Naturally Doc is trying it again this off-season. The two primary signings, Spencer Hawes and Jordan Farmar, both shot over 40% from deep last season. And picking late in the first round, Rivers made a rather surprising pick in C.J. Wilcox. Surprising, until you realize how much Rivers covets shooting.
It's not easy to know which shooters can translate from the NCAA to the NBA. The line is longer, and speaking from experience, some players simply don't have the strength to push their range another couple of feet -- a natural motion at 21 feet becomes a struggle at 24. More significantly, some guys simply can't get the shot off against NBA defenses. A slow release is death in the NBA.
So you don't really know who the impact shooters are going to be from year to year -- or at any rate, you can't simply look at their college stats. Among young players who took at least 300 threes last season, the top four three point shooters from the prior three drafts were Klay Thompson, Bradley Beal, Terrence Ross and Damian Lillard: and looking at college statistics, C.J. Wilcox compares favorably with any of them.
It's interesting that two of those players come from the Pac-12, from the state of Washington no less. When you look at the NCAA careers of Wilcox and Thompson side-by-side, it's downright eerie. Thompson scored more than Wilcox -- but then again, on an otherwise mediocre Wazzou team, he needed to. Wilcox always had more talent around him (including Ross for two seasons) and wasn't the first option at UDub until his junior year.
Take a look at Wilcox's final three years in Seattle compared to Thompson's three seasons in Pullman, drilling in on scoring and three point shooting:
I'm not suggesting that Wilcox will be the NBA shooter that Thompson is. But it's interesting nonetheless. Same conference. Almost identical three point shooting numbers. It's difficult not to take notice. By the way, Wilcox was a MUCH better college shooter than either Beal or Ross, for whatever that's worth.

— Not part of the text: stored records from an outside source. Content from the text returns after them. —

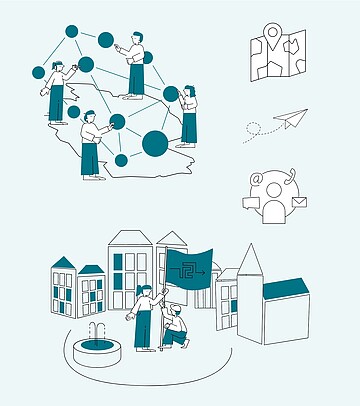 Ansicht verschiedener Illustrationen und Icons, darunter ein Papierflieger, ein Netzwerk aus Menschen, eine Figur mit verschiedenen Kontaktmöglichkeiten, Sprechblasen und einer Illustration der Netzwerkstelle.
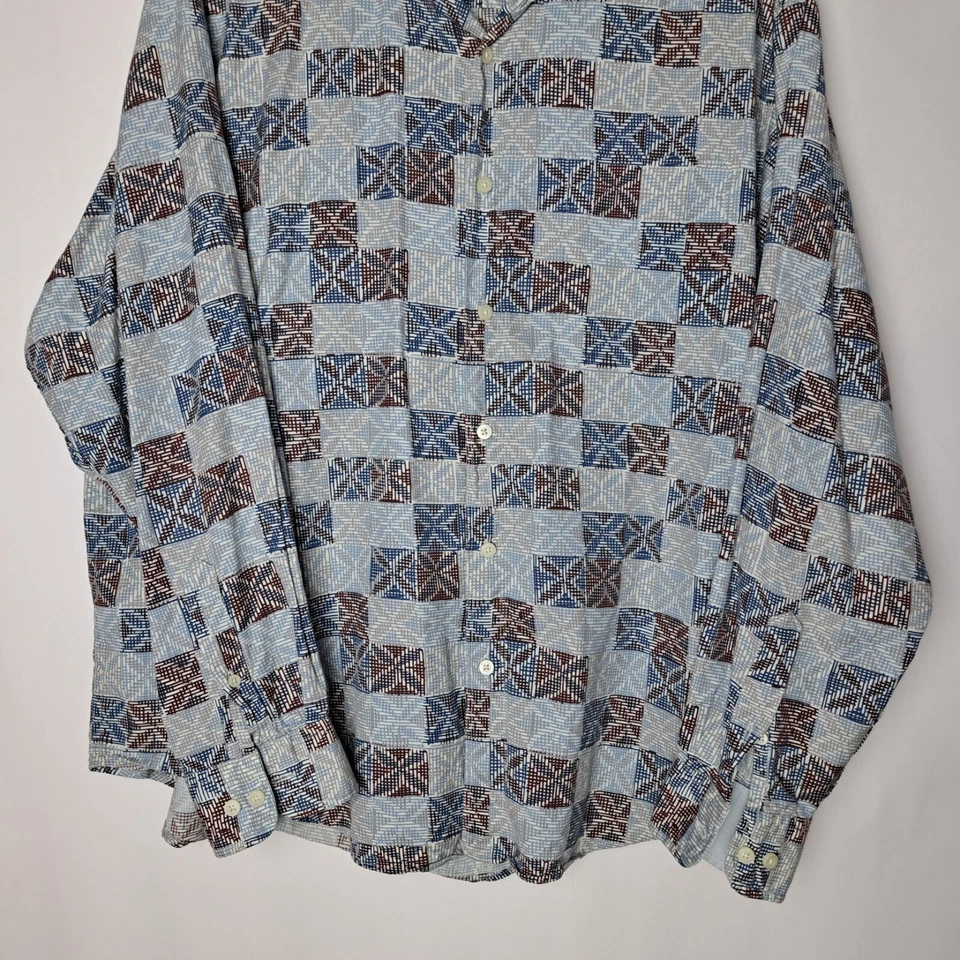 Camisa Caribeña Para Hombre XL Multicolor Botón Frontal Manga Larga Geométrica 1 Bolsillo Foto 3 de 4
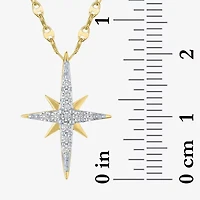 North Star (G-H / Si2 I1) Womens 1/6 CT. T.W. Lab Grown White Diamond 10K Gold Star 16 Inch Pendant Necklace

Obviously Thompson has much better size, and has shown to be a pretty decent NBA defender, which surprised more than a few observers. But Wilcox has good (if not great) size for an NBA two-guard at 6'5 and has the potential to be a good defender as well.
Still, those are just the reasons NOT to disqualify him as a first round pick. The one and only reason he went in the first round is as a deep threat.
To that point, I spent some time watching Wilcox in practice recently, and I'm not thrilled with his shooting motion. A right hander, he brings the ball to the left side of his head on his release. He is never going to be exhibit A in a "Shooting Mechanics" video. There are plenty of great shooters in the history of the NBA who had terrible mechanics -- if it works, the Clippers are almost certainly not going to try to fix it. But as compared to mechanically clean shooters like Thompson and Redick and even Reggie Bullock, one does wonder where Wilcox's shooting ceiling is. Neither is it clear that his release will be quick enough at this level.
This is the second season in a row that Rivers has used a late first round pick to try to find a 3-D guy who can defend the wing and make three pointers. Rivers certainly hasn't given up on Bullock, who has better size, better mechanics, and from what I can tell a quicker release. But shooters are shooters, and Wilcox may prove to be the better one of the two. Both of them will probably get some time this season -- if only because it's likely that injuries will create some opportunities.
You never know who is going to translate as a great shooter in the NBA. Salim Stoudemire? It didn't happen. Rivers clearly sees the potential for a great NBA shooter in Wilcox. We'll have to wait and see if he's correct.